**Instructions for the task**
Only the lines running from the line with "Kuchyně; kuchyňské spotřebiče, dřevěná" to the end of the listing below should be copied, exactly, without pictures.

(Records for this exercise begins)

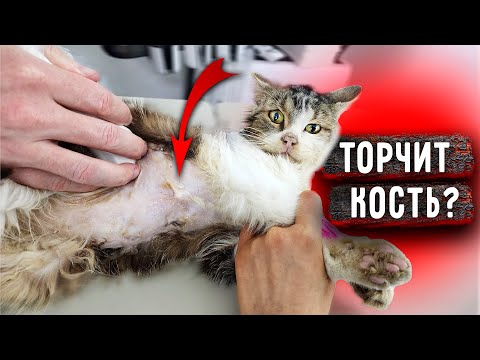 Видео: Мы в ШОКЕ от увиденного. Доведенный Кузя до предсмертного состояния, что еще мы обнаружим?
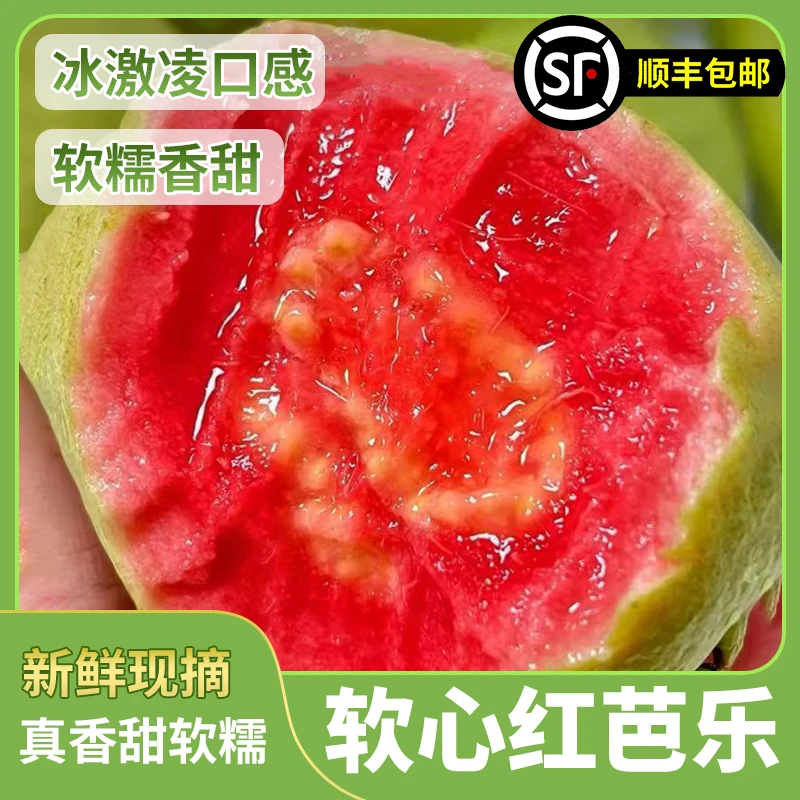 软糯（顺丰包邮）奶油软芭乐红心白心多汁低糖高VC坏果包赔产地直发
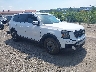 5XYP6DGC0RG****** Salvage and Wrecked 2024 Kia Telluride in Pittsburgh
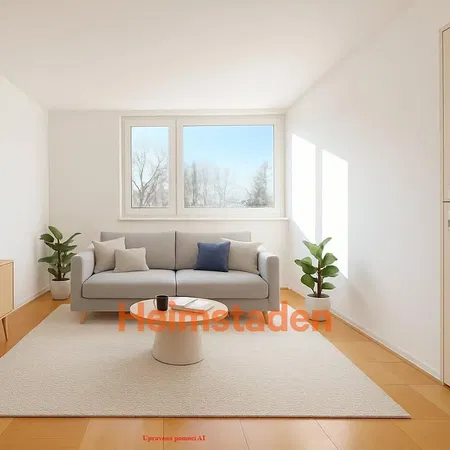 Kuchyně; kuchyňské spotřebiče, dřevěná podlaha, přirozené světlo, moderní styl, po rekonstrukci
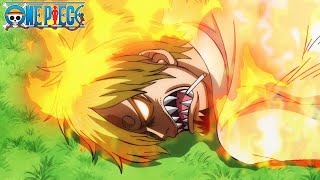 F En El Chat Por Sanji One Piece Subs. Español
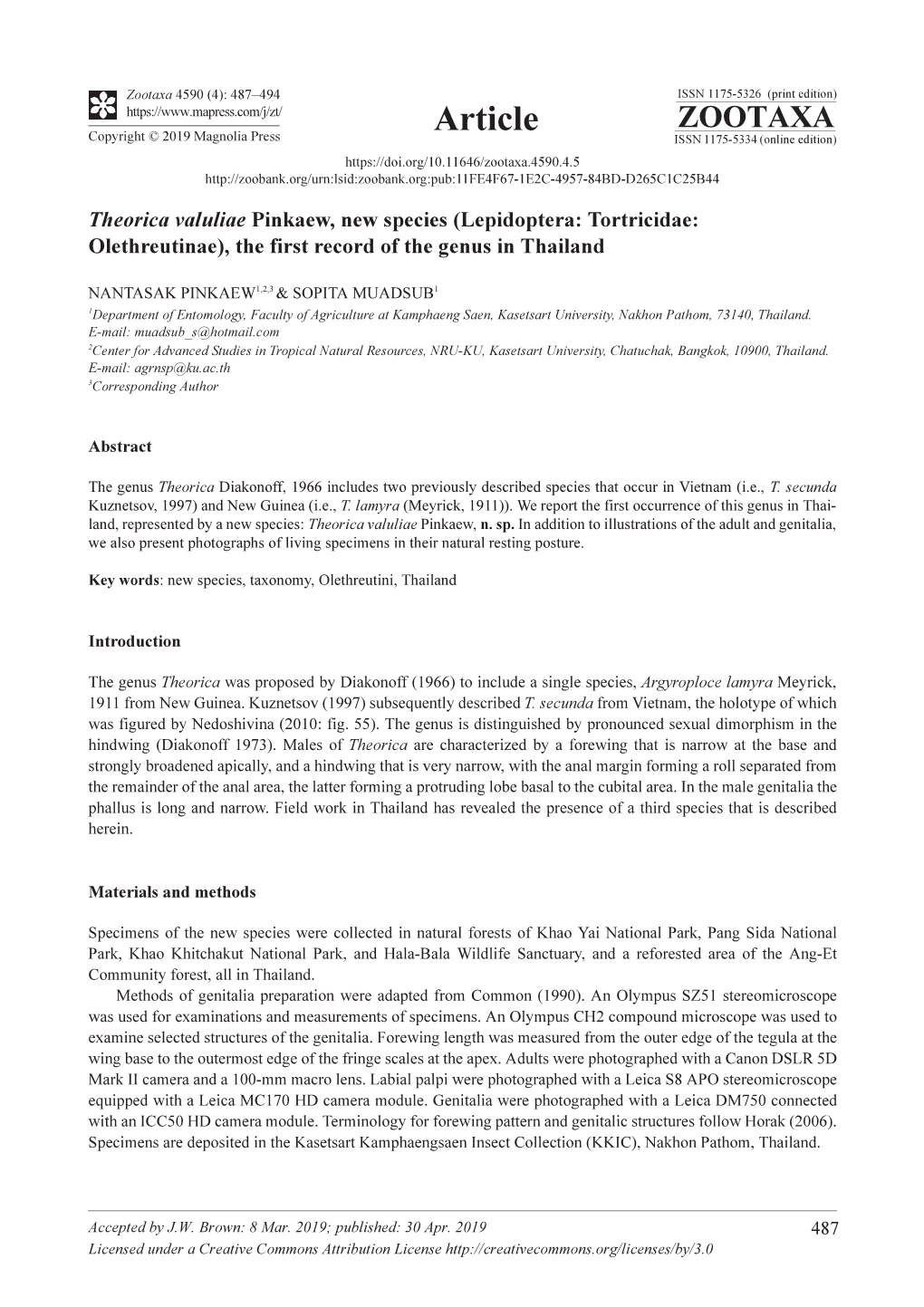 Theorica Valuliae Pinkaew, New Species (Lepidoptera: Tortricidae: Olethreutinae), the First Record of the Genus in Thailand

(Records for this exercise ends)

**Reply**
 Kuchyně; kuchyňské spotřebiče, dřevěná podlaha, přirozené světlo, moderní styl, po rekonstrukci
 F En El Chat Por Sanji One Piece Subs. Español
 Theorica Valuliae Pinkaew, New Species (Lepidoptera: Tortricidae: Olethreutinae), the First Record of the Genus in Thailand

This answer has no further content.